### Goal of the exercise
Below are the entries. Print only the lines starting at the one with "Used 2024 Land" and ending at the one with "NWT Detroit Tigers Onesie 3-6months", exactly, with no pictures.

### Data shown

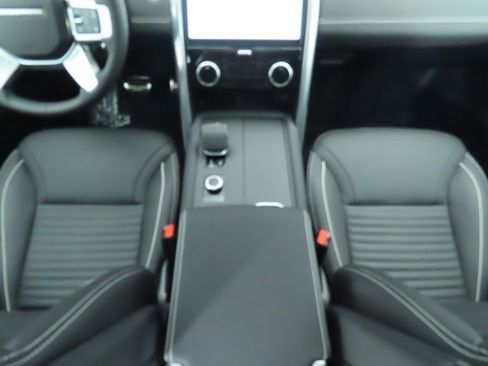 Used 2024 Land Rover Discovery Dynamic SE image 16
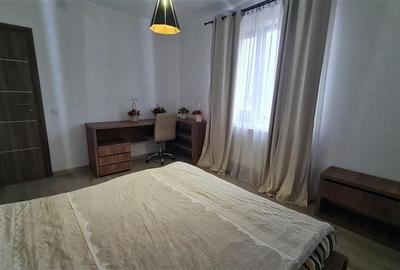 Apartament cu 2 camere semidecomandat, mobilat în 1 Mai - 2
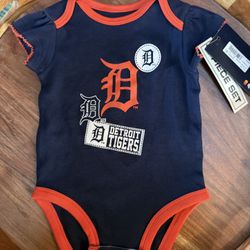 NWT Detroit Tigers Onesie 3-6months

---

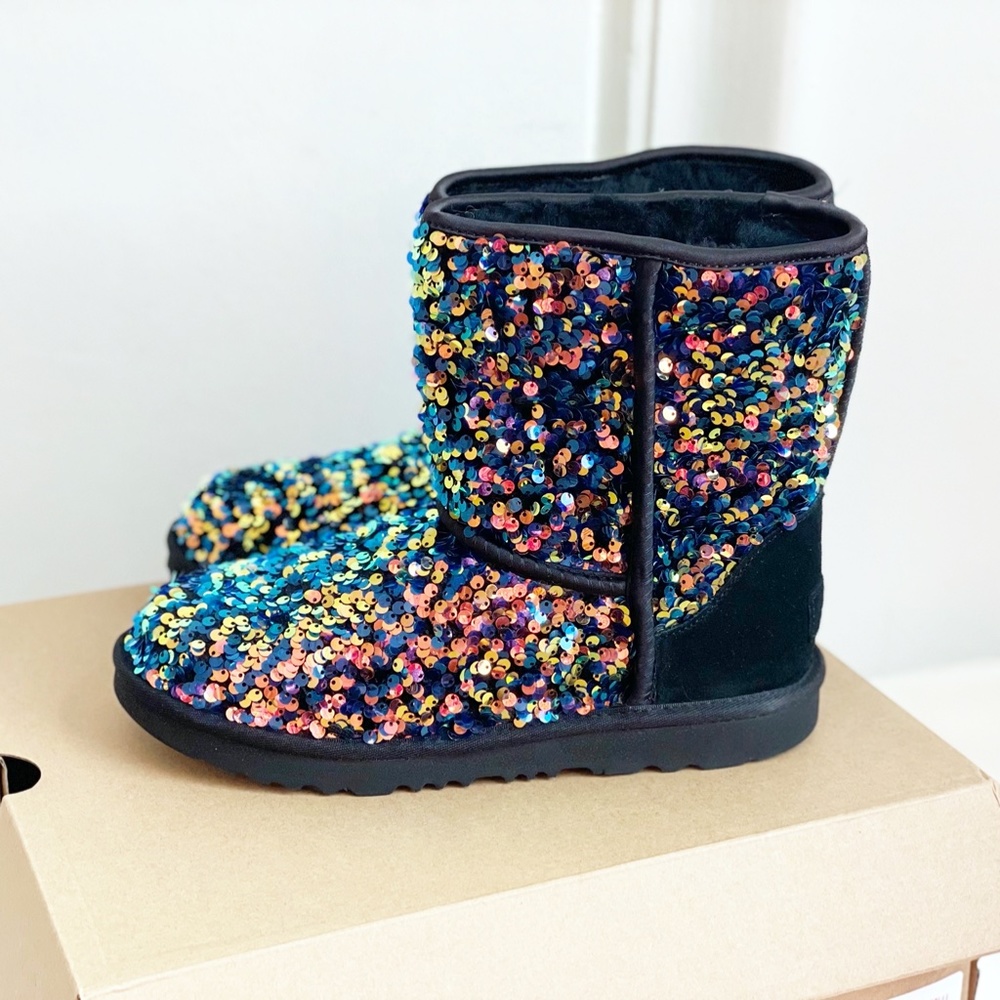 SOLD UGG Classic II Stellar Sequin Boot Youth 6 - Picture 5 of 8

...

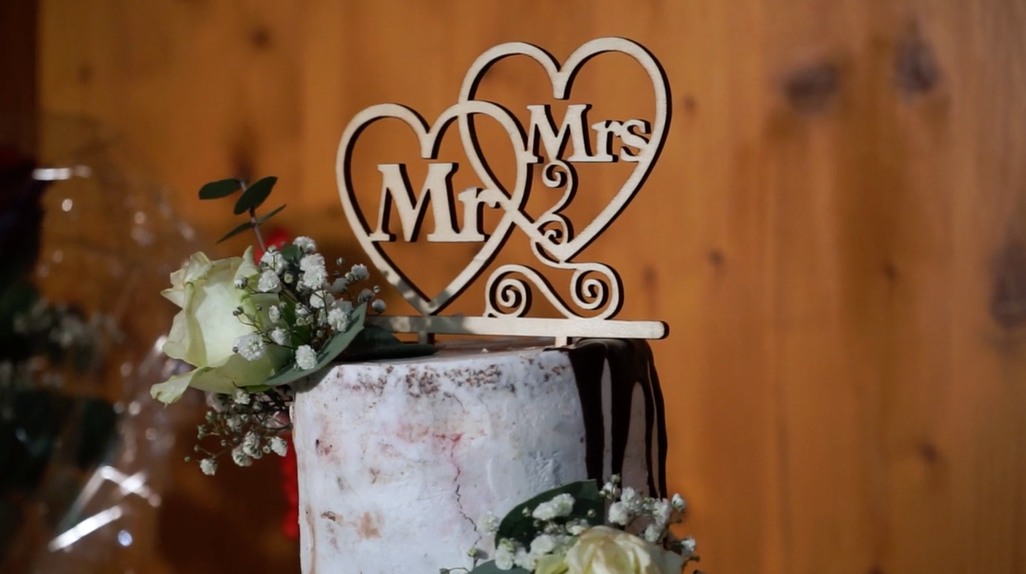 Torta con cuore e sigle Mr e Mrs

### Output for this exercise
 Used 2024 Land Rover Discovery Dynamic SE image 16
 Apartament cu 2 camere semidecomandat, mobilat în 1 Mai - 2
 NWT Detroit Tigers Onesie 3-6months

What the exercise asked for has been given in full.